# [Action item]
Go from the first line below to the one with "KARRIES禾一斯 - 江阪麗奈法式流平膠 19-24" and print each line exactly.

# [Records from a collection]

------------------------------------------------------------

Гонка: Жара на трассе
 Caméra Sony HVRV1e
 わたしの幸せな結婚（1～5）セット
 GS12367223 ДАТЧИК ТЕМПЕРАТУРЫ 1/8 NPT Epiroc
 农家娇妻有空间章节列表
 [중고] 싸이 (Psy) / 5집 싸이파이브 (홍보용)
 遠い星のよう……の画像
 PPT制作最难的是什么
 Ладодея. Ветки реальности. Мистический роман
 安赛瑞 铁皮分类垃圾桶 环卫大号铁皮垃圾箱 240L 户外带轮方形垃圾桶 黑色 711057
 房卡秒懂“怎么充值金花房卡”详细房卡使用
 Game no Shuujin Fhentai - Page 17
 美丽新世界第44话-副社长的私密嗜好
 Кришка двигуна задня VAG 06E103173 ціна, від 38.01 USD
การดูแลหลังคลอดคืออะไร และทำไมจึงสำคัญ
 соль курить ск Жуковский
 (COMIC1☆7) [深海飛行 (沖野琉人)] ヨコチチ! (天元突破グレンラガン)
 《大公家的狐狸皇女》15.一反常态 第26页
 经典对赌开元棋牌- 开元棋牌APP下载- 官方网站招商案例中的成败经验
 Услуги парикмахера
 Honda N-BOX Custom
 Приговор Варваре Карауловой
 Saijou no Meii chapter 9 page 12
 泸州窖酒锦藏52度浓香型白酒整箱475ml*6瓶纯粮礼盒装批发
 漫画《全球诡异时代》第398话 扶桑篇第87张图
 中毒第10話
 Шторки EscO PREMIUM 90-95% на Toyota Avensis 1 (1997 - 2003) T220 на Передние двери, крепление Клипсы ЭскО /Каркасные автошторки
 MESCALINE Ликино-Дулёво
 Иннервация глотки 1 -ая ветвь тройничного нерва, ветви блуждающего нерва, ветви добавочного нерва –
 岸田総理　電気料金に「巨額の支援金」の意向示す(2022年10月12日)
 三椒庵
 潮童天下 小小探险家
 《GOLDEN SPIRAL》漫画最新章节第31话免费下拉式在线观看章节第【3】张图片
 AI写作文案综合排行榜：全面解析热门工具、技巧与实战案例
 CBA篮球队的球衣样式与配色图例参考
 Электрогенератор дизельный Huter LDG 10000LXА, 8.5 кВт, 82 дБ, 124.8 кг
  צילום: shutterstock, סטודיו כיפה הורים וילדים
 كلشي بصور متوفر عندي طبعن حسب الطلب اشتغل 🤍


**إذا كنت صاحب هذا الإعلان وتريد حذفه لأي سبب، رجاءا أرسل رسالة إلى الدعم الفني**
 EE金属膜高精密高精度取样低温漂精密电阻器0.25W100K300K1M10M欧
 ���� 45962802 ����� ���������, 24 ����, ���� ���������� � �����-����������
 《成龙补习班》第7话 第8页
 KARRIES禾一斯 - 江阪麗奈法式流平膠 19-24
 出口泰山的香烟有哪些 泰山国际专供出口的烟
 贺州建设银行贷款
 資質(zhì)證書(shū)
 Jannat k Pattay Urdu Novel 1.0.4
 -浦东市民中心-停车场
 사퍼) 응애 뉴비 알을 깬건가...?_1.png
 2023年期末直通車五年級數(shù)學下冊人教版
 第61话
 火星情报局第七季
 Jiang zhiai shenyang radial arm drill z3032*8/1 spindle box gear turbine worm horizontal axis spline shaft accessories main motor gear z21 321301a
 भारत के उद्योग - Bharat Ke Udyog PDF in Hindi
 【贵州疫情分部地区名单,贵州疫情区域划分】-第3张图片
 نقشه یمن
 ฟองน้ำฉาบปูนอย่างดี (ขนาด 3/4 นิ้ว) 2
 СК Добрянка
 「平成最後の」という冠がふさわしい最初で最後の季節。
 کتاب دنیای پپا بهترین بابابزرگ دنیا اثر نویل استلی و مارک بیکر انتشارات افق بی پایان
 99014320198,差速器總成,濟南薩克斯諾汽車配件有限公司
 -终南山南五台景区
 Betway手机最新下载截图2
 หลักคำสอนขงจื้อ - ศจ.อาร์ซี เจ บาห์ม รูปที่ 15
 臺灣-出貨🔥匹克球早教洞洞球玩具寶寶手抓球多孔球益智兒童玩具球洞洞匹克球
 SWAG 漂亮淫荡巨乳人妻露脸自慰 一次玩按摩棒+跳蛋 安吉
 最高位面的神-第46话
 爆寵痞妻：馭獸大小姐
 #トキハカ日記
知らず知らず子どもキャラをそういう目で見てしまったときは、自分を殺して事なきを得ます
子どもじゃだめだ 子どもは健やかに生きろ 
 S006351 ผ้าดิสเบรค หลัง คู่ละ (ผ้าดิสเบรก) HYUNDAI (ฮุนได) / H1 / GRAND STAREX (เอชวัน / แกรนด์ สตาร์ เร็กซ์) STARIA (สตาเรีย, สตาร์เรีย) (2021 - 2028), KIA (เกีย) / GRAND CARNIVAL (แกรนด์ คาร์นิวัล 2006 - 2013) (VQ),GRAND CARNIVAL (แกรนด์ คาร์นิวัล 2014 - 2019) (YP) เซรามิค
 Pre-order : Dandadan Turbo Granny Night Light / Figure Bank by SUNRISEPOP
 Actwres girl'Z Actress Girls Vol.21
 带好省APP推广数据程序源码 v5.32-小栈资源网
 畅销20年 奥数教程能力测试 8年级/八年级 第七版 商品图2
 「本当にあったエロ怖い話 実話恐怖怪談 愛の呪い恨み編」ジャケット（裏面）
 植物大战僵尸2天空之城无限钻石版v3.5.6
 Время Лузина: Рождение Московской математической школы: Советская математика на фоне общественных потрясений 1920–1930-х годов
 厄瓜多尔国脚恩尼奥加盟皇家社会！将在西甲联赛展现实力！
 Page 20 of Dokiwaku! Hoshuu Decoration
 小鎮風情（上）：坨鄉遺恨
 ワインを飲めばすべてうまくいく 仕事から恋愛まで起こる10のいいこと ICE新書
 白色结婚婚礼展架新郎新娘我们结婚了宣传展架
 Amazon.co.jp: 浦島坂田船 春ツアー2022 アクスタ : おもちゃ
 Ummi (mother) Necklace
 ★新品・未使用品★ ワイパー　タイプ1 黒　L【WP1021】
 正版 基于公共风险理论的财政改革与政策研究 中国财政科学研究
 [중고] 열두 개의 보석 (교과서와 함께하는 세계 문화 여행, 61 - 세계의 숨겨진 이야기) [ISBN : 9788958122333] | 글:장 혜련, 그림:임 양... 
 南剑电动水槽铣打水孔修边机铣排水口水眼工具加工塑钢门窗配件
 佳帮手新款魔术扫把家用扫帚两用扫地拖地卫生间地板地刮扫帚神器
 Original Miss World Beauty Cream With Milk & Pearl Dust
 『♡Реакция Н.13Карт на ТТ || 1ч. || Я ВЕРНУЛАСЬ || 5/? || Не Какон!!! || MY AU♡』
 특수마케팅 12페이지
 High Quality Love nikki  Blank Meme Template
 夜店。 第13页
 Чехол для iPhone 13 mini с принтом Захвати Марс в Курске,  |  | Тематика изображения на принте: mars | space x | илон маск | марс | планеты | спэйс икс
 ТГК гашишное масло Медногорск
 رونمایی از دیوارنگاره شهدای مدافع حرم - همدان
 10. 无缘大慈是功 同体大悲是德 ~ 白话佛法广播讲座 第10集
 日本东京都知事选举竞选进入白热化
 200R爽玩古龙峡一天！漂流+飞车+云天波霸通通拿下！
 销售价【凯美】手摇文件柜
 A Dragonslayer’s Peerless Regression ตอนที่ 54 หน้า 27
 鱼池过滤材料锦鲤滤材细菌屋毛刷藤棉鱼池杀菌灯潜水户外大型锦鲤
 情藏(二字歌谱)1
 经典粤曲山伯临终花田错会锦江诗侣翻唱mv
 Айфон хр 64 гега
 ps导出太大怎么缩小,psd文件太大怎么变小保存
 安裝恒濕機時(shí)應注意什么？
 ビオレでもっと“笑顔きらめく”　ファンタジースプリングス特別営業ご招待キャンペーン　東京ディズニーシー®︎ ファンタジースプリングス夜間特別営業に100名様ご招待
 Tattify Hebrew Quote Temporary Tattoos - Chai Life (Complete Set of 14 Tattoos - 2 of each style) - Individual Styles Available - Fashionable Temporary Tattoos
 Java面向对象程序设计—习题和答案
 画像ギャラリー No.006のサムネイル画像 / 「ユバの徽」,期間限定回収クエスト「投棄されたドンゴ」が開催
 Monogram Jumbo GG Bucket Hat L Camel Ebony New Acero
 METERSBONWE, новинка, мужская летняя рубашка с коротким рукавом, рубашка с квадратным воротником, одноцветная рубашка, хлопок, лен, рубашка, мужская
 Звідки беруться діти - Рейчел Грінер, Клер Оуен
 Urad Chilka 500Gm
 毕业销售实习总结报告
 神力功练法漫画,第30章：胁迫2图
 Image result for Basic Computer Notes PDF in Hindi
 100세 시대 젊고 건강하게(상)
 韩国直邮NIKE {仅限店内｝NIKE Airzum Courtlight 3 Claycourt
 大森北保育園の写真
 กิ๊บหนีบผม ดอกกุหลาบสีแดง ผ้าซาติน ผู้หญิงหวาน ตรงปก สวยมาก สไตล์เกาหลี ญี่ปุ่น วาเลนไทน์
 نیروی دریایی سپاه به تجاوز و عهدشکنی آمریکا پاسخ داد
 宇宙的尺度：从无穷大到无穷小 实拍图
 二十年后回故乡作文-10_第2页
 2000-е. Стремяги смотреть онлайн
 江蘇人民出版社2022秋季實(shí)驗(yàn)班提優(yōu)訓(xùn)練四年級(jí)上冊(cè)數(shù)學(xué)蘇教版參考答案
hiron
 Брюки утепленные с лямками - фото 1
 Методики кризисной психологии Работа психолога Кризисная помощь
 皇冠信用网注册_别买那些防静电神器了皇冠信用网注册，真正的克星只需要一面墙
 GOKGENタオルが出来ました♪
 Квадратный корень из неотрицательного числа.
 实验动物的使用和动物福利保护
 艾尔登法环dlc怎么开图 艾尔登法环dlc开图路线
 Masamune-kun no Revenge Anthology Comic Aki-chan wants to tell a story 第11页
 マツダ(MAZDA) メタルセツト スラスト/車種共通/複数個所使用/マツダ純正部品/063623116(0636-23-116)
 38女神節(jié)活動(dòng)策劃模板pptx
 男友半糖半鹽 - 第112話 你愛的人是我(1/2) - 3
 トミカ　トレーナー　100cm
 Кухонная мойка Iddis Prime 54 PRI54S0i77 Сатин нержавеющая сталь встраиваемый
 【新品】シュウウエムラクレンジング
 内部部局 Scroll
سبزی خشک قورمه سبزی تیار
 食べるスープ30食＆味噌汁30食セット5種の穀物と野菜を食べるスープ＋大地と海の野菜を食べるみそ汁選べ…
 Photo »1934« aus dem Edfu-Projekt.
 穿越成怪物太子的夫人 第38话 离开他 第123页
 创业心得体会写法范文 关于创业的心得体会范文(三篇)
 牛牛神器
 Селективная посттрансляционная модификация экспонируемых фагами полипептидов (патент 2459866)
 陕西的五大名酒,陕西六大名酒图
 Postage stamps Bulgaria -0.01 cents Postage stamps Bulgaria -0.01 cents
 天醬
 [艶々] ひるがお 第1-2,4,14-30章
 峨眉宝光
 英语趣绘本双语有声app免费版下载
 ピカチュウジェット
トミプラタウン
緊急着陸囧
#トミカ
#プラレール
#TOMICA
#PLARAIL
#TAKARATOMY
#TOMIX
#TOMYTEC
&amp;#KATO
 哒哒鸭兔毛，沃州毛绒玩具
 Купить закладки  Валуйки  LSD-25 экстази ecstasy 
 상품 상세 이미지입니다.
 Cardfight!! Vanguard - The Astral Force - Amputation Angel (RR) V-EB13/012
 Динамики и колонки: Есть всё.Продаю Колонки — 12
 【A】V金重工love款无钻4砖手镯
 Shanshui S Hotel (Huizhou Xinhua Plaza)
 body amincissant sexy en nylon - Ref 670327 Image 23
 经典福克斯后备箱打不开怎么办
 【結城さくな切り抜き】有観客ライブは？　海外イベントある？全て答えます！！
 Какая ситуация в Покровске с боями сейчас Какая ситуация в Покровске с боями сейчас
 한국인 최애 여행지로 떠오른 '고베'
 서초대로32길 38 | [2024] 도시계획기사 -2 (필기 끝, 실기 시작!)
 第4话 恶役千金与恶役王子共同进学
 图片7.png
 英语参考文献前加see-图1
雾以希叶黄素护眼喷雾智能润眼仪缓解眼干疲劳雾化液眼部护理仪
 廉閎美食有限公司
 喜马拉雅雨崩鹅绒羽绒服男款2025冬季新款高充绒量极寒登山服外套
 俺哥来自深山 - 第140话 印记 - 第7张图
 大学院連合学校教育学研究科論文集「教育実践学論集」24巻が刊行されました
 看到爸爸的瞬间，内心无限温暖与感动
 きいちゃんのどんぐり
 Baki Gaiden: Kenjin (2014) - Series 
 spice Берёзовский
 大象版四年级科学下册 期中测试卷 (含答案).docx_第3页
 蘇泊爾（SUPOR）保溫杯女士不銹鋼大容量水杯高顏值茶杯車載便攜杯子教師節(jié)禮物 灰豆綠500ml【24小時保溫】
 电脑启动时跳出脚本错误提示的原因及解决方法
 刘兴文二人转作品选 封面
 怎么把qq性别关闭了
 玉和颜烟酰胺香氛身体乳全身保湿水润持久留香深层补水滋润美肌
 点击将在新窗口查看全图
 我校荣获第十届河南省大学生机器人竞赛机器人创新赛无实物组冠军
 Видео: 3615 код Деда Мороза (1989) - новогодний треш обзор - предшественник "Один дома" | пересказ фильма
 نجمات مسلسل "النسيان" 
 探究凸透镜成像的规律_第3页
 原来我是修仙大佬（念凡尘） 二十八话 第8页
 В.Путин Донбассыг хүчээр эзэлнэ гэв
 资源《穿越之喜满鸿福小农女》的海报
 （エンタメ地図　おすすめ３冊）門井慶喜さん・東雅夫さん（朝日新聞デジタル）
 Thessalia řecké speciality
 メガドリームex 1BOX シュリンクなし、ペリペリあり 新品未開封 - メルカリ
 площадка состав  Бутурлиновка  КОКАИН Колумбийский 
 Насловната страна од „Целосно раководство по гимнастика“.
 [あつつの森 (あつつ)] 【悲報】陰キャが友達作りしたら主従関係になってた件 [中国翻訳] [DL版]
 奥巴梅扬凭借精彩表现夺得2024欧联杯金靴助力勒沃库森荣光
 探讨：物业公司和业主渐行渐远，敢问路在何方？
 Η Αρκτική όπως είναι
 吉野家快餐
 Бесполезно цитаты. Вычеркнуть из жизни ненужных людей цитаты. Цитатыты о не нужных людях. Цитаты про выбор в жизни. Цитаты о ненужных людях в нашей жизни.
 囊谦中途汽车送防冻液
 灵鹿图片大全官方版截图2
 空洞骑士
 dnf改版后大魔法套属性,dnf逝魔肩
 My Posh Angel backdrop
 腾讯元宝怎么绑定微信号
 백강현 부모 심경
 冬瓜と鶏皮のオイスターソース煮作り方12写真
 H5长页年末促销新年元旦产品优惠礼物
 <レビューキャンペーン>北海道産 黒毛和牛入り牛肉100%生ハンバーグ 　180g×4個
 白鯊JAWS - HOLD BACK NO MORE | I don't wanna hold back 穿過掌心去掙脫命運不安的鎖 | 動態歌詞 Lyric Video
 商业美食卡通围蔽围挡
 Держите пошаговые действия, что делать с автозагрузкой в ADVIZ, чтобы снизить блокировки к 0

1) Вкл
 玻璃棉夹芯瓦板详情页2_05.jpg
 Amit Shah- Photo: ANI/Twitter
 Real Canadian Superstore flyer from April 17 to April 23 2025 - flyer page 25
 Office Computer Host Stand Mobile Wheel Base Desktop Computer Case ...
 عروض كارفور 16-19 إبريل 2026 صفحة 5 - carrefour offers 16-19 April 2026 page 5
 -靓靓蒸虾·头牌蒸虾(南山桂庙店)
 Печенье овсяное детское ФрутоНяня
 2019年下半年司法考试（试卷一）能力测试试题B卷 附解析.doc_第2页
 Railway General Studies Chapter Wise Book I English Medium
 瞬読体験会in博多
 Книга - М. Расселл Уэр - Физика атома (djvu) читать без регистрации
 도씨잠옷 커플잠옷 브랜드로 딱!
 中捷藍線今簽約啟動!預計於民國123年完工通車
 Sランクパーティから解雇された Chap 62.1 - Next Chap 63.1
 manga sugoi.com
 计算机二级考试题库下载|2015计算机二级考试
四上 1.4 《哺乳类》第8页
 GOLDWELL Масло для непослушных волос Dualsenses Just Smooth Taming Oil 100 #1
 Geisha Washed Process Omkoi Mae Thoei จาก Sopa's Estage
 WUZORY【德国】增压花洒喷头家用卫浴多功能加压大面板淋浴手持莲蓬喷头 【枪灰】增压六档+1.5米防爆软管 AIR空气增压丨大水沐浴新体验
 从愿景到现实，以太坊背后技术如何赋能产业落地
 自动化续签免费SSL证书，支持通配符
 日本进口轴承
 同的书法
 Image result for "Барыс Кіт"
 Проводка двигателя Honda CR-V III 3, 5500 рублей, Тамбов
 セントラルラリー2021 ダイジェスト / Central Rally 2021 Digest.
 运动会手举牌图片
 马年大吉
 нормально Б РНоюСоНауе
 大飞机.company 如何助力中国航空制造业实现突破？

------------------------------------------------------------

# [Solution to this task]
Гонка: Жара на трассе
 Caméra Sony HVRV1e
 わたしの幸せな結婚（1～5）セット
 GS12367223 ДАТЧИК ТЕМПЕРАТУРЫ 1/8 NPT Epiroc
 农家娇妻有空间章节列表
 [중고] 싸이 (Psy) / 5집 싸이파이브 (홍보용)
 遠い星のよう……の画像
 PPT制作最难的是什么
 Ладодея. Ветки реальности. Мистический роман
 安赛瑞 铁皮分类垃圾桶 环卫大号铁皮垃圾箱 240L 户外带轮方形垃圾桶 黑色 711057
 房卡秒懂“怎么充值金花房卡”详细房卡使用
 Game no Shuujin Fhentai - Page 17
 美丽新世界第44话-副社长的私密嗜好
 Кришка двигуна задня VAG 06E103173 ціна, від 38.01 USD
การดูแลหลังคลอดคืออะไร และทำไมจึงสำคัญ
 соль курить ск Жуковский
 (COMIC1☆7) [深海飛行 (沖野琉人)] ヨコチチ! (天元突破グレンラガン)
 《大公家的狐狸皇女》15.一反常态 第26页
 经典对赌开元棋牌- 开元棋牌APP下载- 官方网站招商案例中的成败经验
 Услуги парикмахера
 Honda N-BOX Custom
 Приговор Варваре Карауловой
 Saijou no Meii chapter 9 page 12
 泸州窖酒锦藏52度浓香型白酒整箱475ml*6瓶纯粮礼盒装批发
 漫画《全球诡异时代》第398话 扶桑篇第87张图
 中毒第10話
 Шторки EscO PREMIUM 90-95% на Toyota Avensis 1 (1997 - 2003) T220 на Передние двери, крепление Клипсы ЭскО /Каркасные автошторки
 MESCALINE Ликино-Дулёво
 Иннервация глотки 1 -ая ветвь тройничного нерва, ветви блуждающего нерва, ветви добавочного нерва –
 岸田総理　電気料金に「巨額の支援金」の意向示す(2022年10月12日)
 三椒庵
 潮童天下 小小探险家
 《GOLDEN SPIRAL》漫画最新章节第31话免费下拉式在线观看章节第【3】张图片
 AI写作文案综合排行榜：全面解析热门工具、技巧与实战案例
 CBA篮球队的球衣样式与配色图例参考
 Электрогенератор дизельный Huter LDG 10000LXА, 8.5 кВт, 82 дБ, 124.8 кг
  צילום: shutterstock, סטודיו כיפה הורים וילדים
 كلشي بصور متوفر عندي طبعن حسب الطلب اشتغل 🤍


**إذا كنت صاحب هذا الإعلان وتريد حذفه لأي سبب، رجاءا أرسل رسالة إلى الدعم الفني**
 EE金属膜高精密高精度取样低温漂精密电阻器0.25W100K300K1M10M欧
 ���� 45962802 ����� ���������, 24 ����, ���� ���������� � �����-����������
 《成龙补习班》第7话 第8页
 KARRIES禾一斯 - 江阪麗奈法式流平膠 19-24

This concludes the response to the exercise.